• Dataset:
★ ★ ★ ★

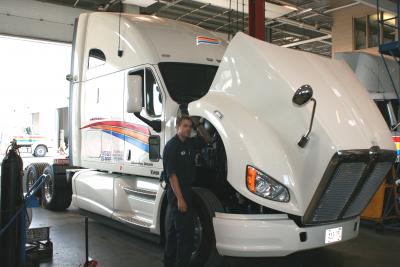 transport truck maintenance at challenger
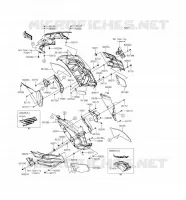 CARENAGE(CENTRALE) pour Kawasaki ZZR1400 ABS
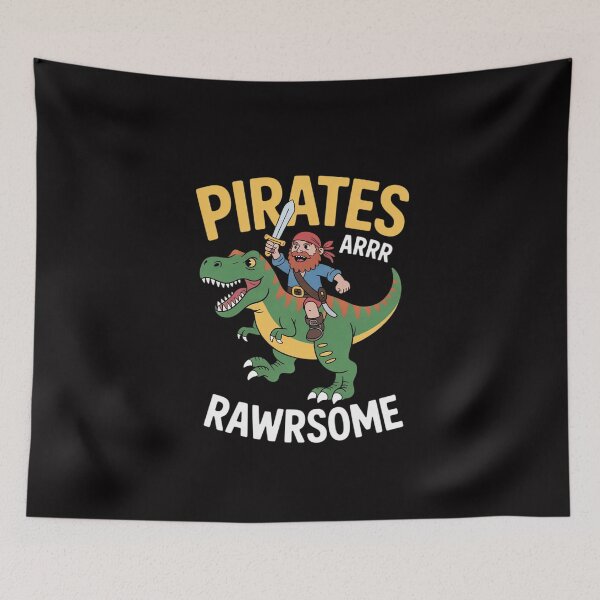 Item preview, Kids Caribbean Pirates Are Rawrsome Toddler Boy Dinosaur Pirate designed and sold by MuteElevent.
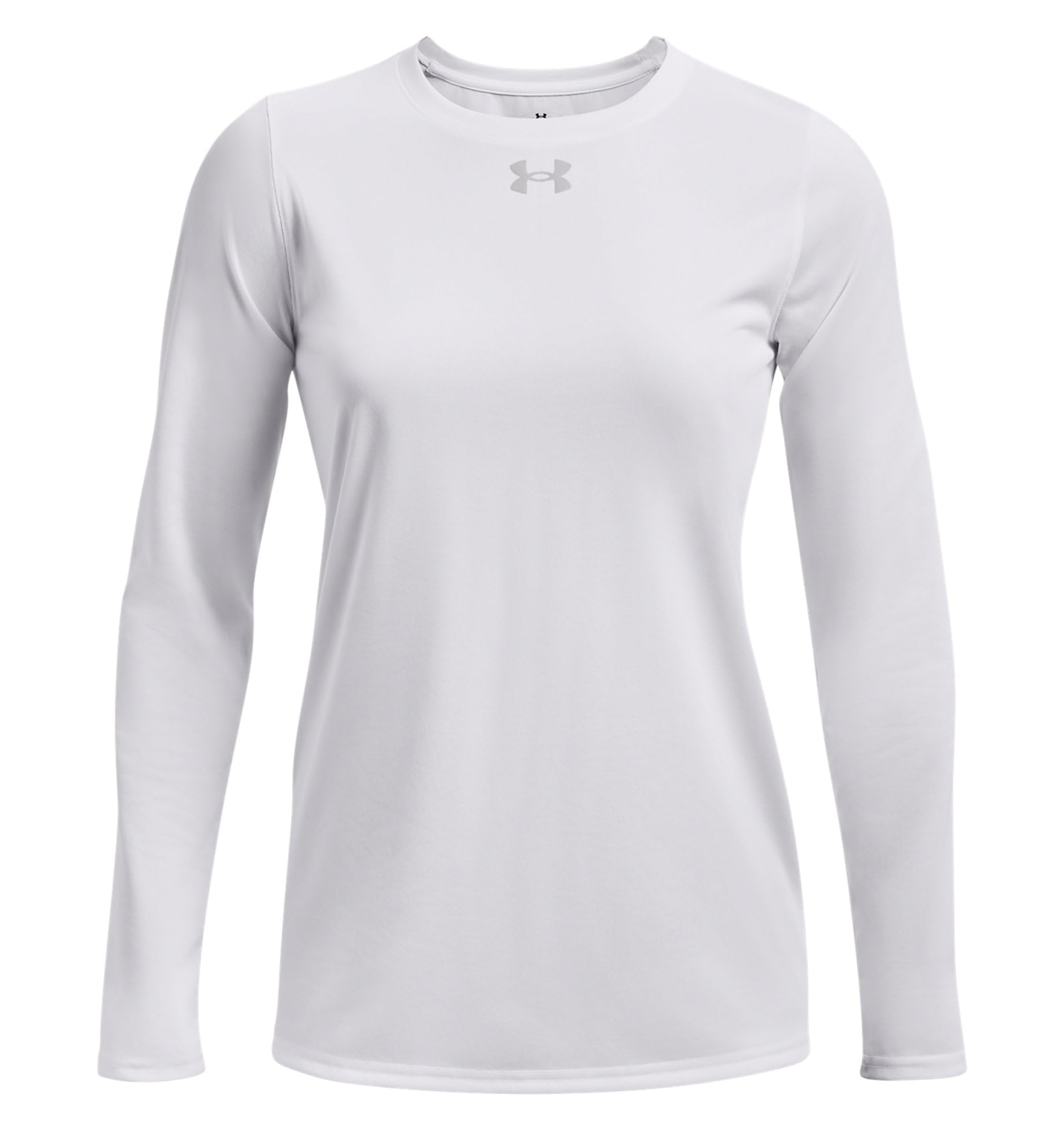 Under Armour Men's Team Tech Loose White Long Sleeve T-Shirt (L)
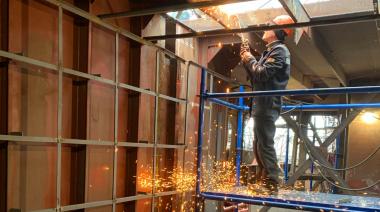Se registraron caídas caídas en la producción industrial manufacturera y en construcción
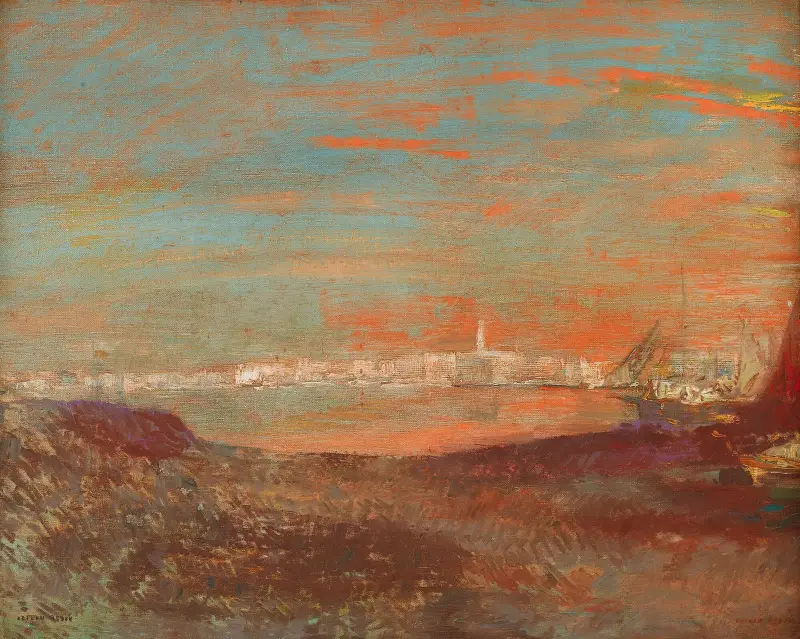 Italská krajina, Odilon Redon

★ ★ ★ ★

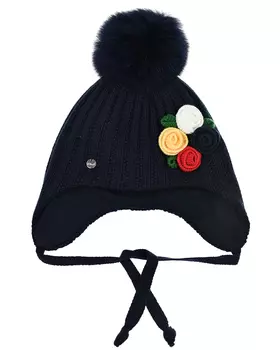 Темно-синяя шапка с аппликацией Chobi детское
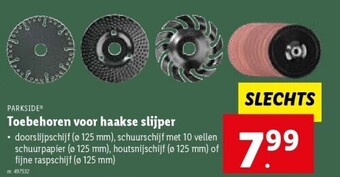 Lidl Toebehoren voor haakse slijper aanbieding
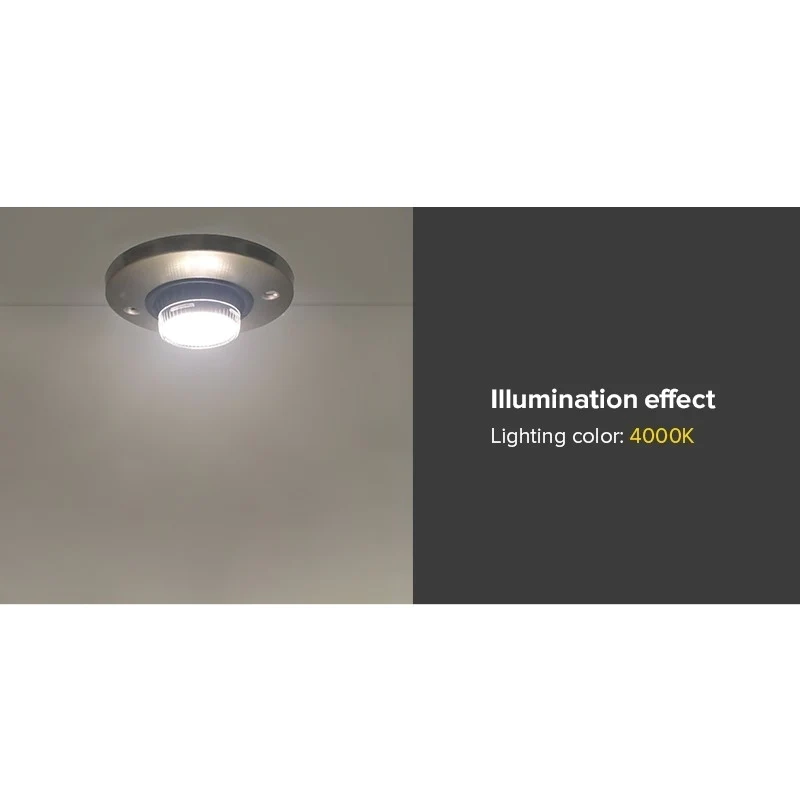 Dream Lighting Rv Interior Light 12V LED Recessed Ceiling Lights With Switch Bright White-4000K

★ ★ ★ ★

What is needed is an exact copy of only the lines above from the one with "Lidl Toebehoren voor" to the one with "Dream Lighting Rv", both kept, with every picture left out.

 Lidl Toebehoren voor haakse slijper aanbieding
 Dream Lighting Rv Interior Light 12V LED Recessed Ceiling Lights With Switch Bright White-4000K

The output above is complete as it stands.